**Source data:**
....

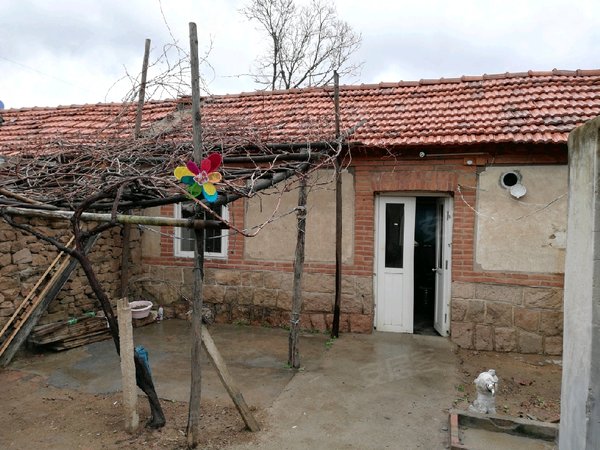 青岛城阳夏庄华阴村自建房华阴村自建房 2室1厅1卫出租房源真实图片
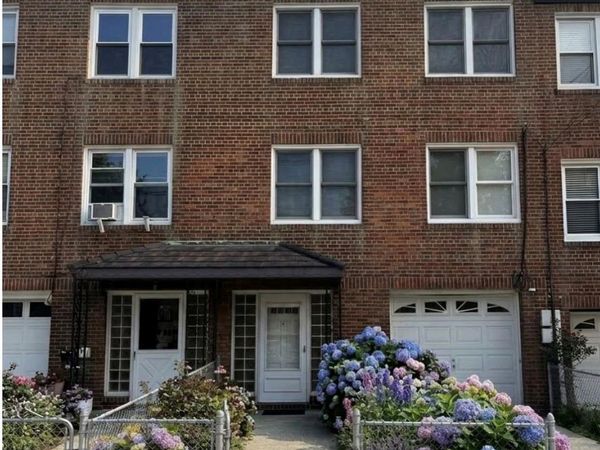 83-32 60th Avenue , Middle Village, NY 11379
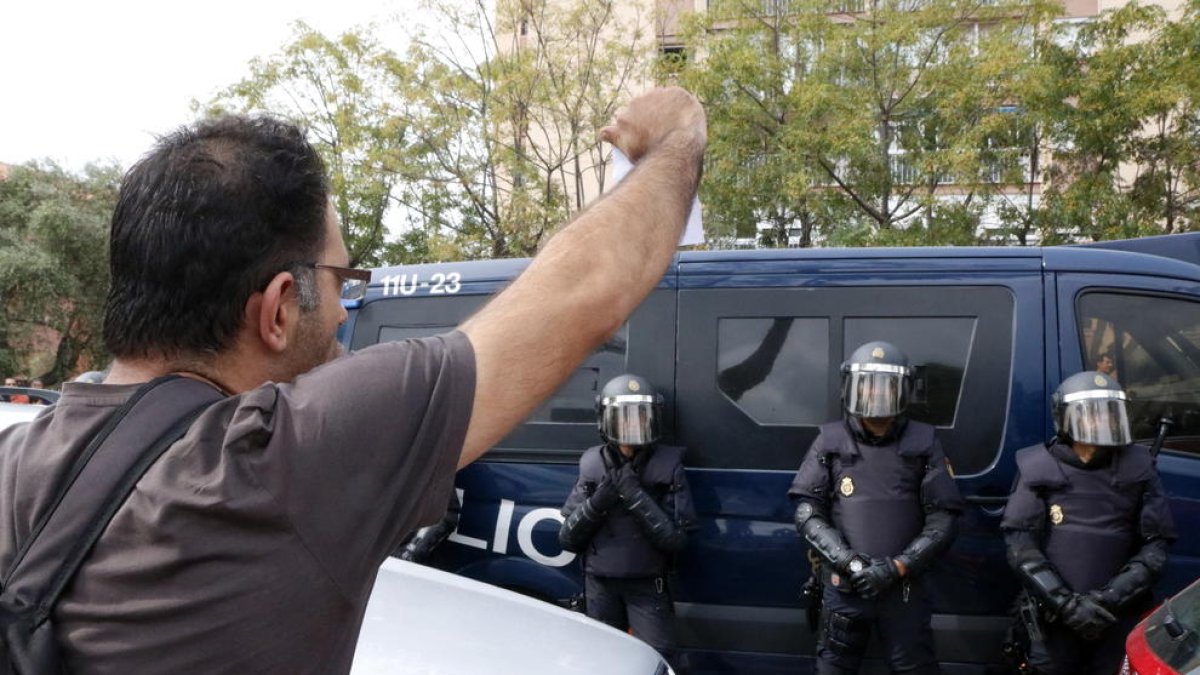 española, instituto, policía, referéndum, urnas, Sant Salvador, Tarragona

....

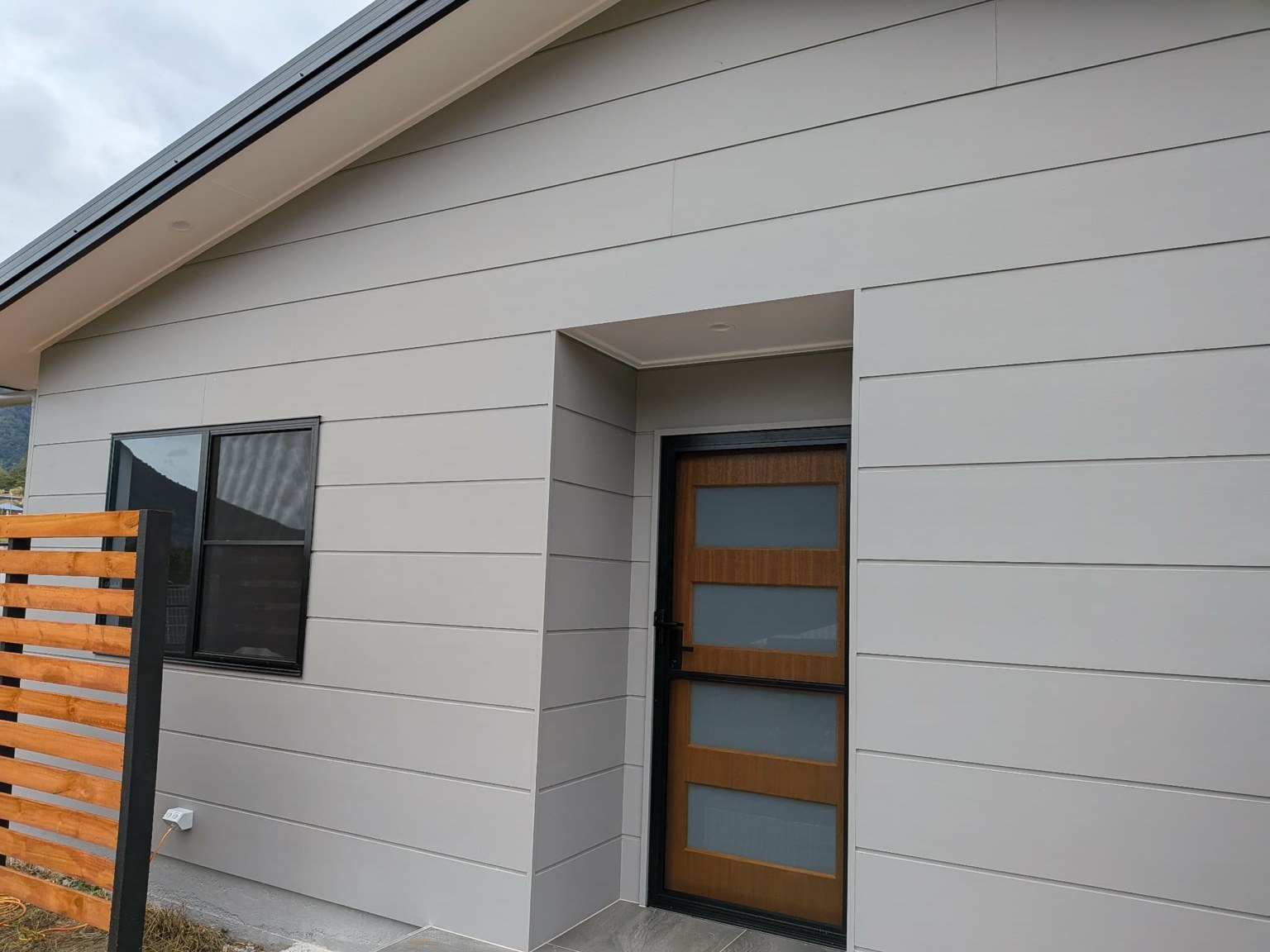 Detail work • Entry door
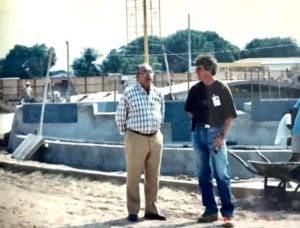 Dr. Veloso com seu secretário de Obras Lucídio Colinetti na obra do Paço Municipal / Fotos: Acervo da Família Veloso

....

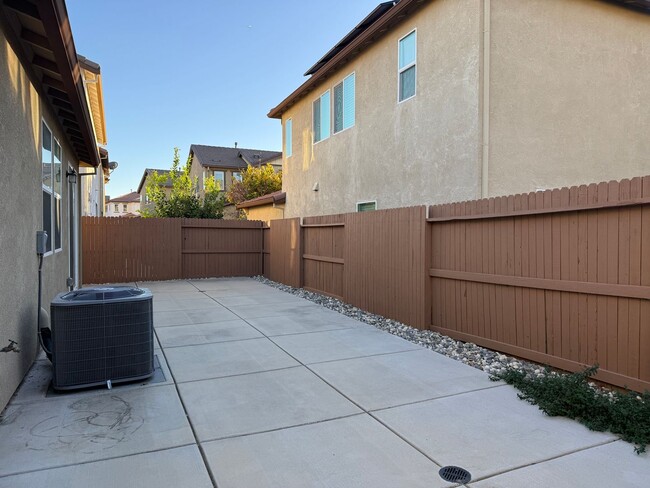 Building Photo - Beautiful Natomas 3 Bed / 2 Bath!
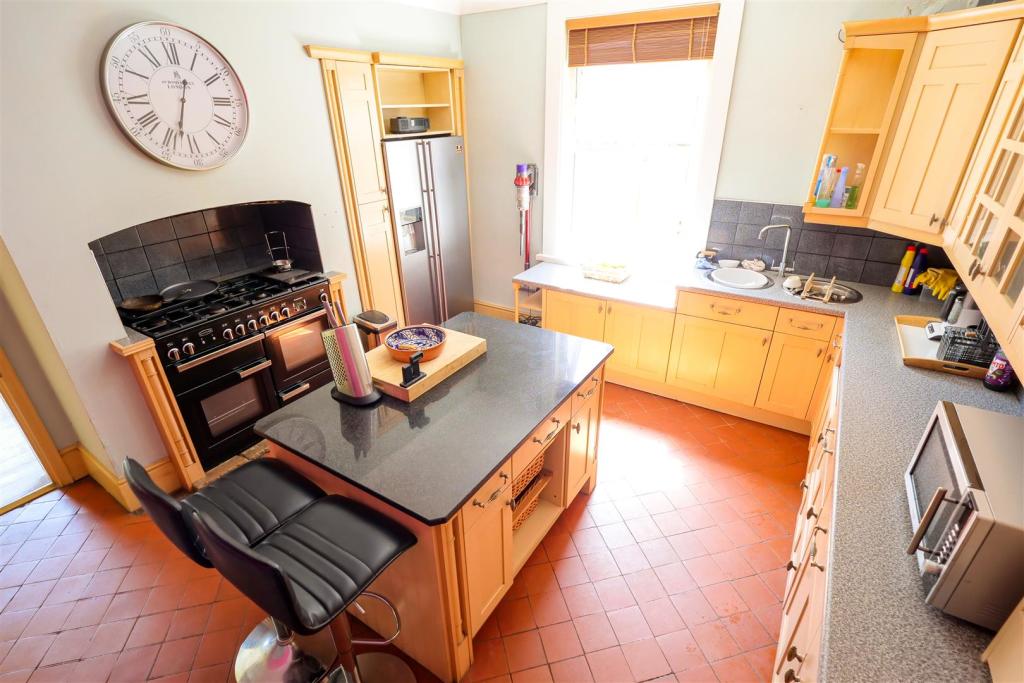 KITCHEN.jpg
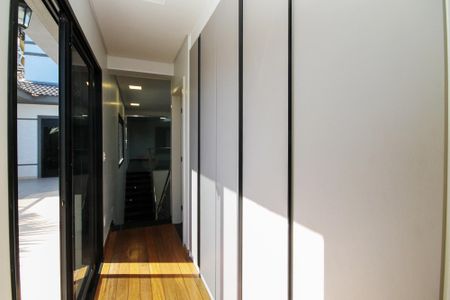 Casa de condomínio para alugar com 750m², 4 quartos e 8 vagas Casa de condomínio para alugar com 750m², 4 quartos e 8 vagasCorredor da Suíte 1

....

**Problem to solve:** Going by the data above, the answer is exactly the lines from the one holding "青岛城阳夏庄华阴村自建房华阴村自建房 2室1厅1卫出租房源真实图片" to the one holding "española, instituto, policía, referéndum, urnas, Sant", both kept, with the pictures left out.

**Exercise result:**
 青岛城阳夏庄华阴村自建房华阴村自建房 2室1厅1卫出租房源真实图片
 83-32 60th Avenue , Middle Village, NY 11379
 española, instituto, policía, referéndum, urnas, Sant Salvador, Tarragona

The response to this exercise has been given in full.